(SOURCE DATA Opens)
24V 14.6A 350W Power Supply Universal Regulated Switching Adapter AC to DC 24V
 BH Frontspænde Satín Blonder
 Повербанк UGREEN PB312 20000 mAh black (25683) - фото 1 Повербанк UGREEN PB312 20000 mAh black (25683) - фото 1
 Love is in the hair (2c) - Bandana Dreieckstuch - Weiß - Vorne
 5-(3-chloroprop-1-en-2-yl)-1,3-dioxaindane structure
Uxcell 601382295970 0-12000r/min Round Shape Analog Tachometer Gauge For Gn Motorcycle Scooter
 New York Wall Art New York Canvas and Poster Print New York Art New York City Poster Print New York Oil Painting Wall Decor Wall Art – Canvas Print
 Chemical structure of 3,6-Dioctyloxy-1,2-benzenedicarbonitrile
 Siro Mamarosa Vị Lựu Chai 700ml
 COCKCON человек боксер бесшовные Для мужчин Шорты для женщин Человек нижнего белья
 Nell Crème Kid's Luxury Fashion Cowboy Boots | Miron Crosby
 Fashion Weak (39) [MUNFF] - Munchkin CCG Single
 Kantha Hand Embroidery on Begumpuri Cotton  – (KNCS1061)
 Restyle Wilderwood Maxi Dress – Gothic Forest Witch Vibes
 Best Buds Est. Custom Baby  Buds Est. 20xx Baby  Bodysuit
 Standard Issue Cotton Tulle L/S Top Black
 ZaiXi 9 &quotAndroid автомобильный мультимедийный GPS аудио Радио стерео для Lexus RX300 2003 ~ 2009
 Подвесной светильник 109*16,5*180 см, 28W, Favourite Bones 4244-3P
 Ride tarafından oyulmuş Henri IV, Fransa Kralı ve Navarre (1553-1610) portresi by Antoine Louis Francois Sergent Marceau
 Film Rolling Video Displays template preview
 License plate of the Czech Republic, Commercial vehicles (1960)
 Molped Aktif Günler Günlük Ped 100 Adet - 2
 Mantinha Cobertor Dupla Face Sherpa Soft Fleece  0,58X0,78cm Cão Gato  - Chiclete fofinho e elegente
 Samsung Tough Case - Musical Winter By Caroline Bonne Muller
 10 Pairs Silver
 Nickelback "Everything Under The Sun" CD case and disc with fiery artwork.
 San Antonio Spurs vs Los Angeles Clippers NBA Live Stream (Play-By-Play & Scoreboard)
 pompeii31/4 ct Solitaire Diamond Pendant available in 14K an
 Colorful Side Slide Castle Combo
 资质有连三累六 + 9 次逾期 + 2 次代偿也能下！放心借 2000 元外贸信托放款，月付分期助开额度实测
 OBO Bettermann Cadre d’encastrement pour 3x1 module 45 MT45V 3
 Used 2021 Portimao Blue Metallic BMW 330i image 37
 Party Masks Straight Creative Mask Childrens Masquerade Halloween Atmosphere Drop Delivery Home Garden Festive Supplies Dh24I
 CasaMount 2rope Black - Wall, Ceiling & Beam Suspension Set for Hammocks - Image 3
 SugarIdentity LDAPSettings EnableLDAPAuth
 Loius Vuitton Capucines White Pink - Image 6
(SOURCE DATA Closes)
▶ _AIM OF THE TASK_:
Some lines of the data may hold the word "Wall". Say how many do, with nothing else.

▶ _EXERCISE ANSWER_:
2